Но вот появились первые статьи «Из зала суда». Подсудимые не признают свою вину! Они не каются, не умоляют простить их, они спорят с судом, отстаивая свое право на свободу слова. Это было очевидно даже из наших газет; также ясно было видно, что в статьях искажают суть дела и ход процесса. Но последнее мало волновало нас, скоро все услышим от самих. Молодцы Синявский и Даниэль! КГБ впервые устроил суд не над подонками — и вот получил! Но в чем дело? Почему открытый, почему об этом пишут в газетах? Некоторые догадывались: не удалось сохранить дело в тайне от Запада. Ну, скоро узнаем.
Приговор мы определили сразу, с первого дня: Синявскому дадут семь, Даниэлю — пять. Как-никак, все у нас люди опытные. Немногие предполагали тюрьму, Владимир, а большинство были уверены — к нам. Но в чем все были единодушны, так это в одном: какой бы ни был приговор, КГБ потерпел на этот раз сокрушительное поражение. И дело даже не в честном поведении подсудимых. Главное, теперь весь мир узнал, что у нас есть политические заключенные. Хрущев на весь мир кричал, что у нас нет политических, что за убеждения у нас не сажают, — куда же теперь денут этих двоих? В отдельный лагерь, что ли?

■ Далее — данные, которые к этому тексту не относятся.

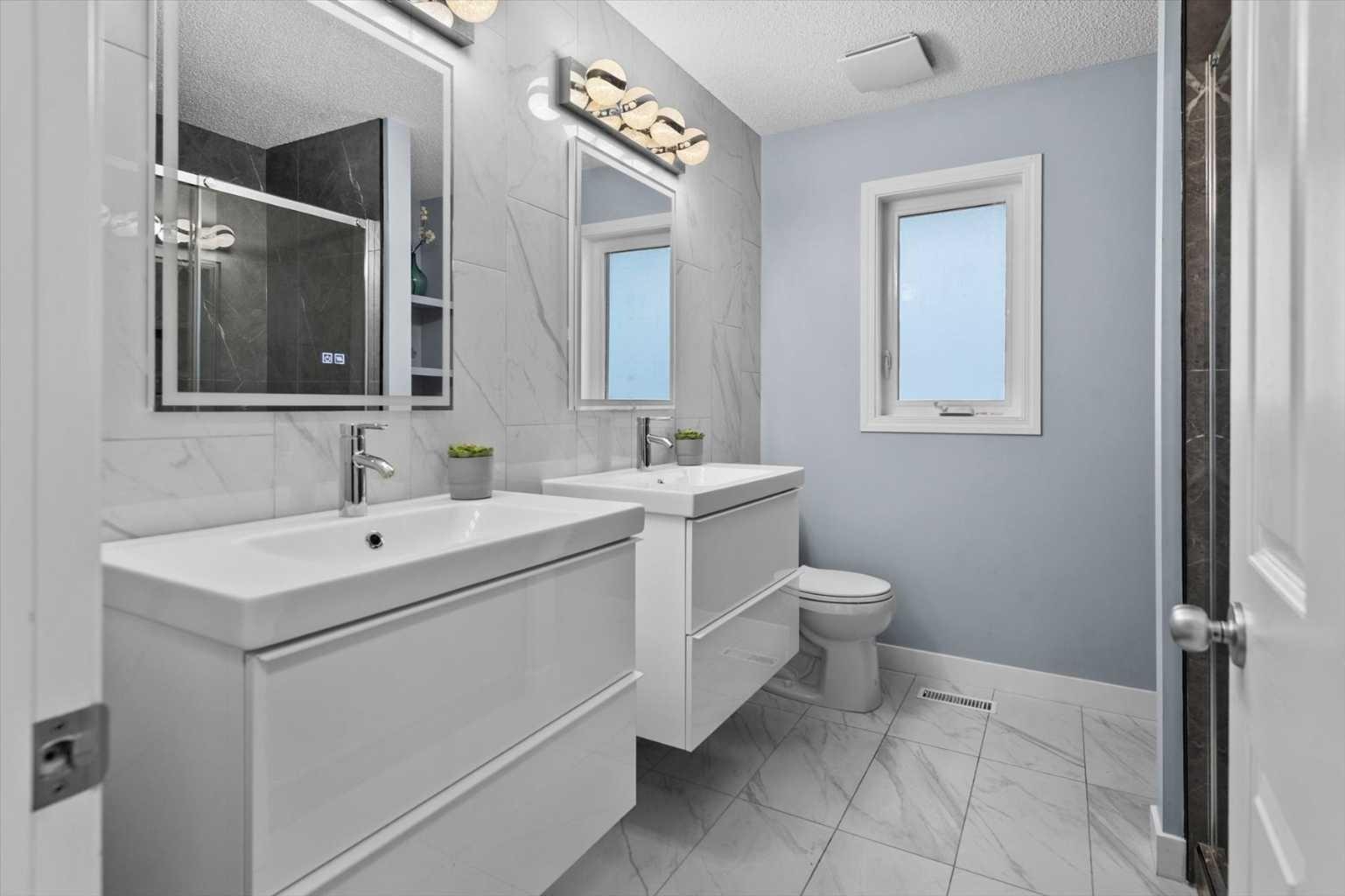 MLS #A2272750 image #38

Мы с Валерием и Колей поговорили об этом процессе: что думают на одиннадцатом? А что на третьем? Решили помочь на первых порах тому, кто попадет к нам. А не мы, так другие помогут, люди найдутся. Молодежь в особенности заранее относилась к этим писателям с уважением.

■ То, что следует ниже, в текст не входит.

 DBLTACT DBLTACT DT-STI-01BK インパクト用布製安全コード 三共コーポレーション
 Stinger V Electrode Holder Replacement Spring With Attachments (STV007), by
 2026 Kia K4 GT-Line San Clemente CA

В первый же день состоялось знакомство с отрядным, капитаном Усовым:
— Ну, Марченко, надеюсь, вы одумались и стали на путь исправления. Вступайте в СВП, помогайте администрации, и мы поможем вам получить посылку, свидание с родными.
Я ответил, что почти весь срок отсидел и уж как-нибудь досижу оставшиеся восемь месяцев без посылок. Зато на воле смогу честно смотреть в глаза любому из нынешних попутчиков под конвоем.
— Марченко, у вас неправильное представление о чести и совести. Как вы будете жить на свободе с вашими взглядами?
— Да уж как-нибудь буду!
Назавтра отрядный снова вызвал меня, чтобы прочитать мораль о необходимости посещать политзанятия. Под конец он сказал:
— Вот вы, молодежь, всем недовольны, все вам не так. Вы бы здесь потрудились — так нет, за границу сбежать хотели.
— Ну, хотел бежать. А тех, кто открыто просит выезда, вы ведь не пускаете!
— Еще чего!
— А зачем тогда СССР подписал Декларацию прав человека? Там сказано, что каждый имеет право жить, где хочет, выбирать любую страну, где ему больше нравится. Подписали, а выполнять и не думают…
— Марченко, откуда вы знаете, что написано в Декларации? Где вы могли ее прочесть? Кто вам давал? Кто вам рассказывал, что в ней написано?
— Она опубликована в «Курьере ЮНЕСКО», и, хоть у нас мало кто добирается до этого журнала, вы, гражданин начальник, могли бы его достать, если захотели бы. Может, вы мне объясните, кстати, почему у нас в печати нигде ничего нет о содержании этой Декларации?
— Не знаю, я не в МИДе работаю, а в МВД (даже нестарые офицеры говорят не МООП, а МВД, по-старому, по-сталински). А вы зря думаете, что в Америке рабочим лучше живется, чем нашим. Не от хорошей жизни бастуют.
— А наши не бастуют, потому что хорошо живут?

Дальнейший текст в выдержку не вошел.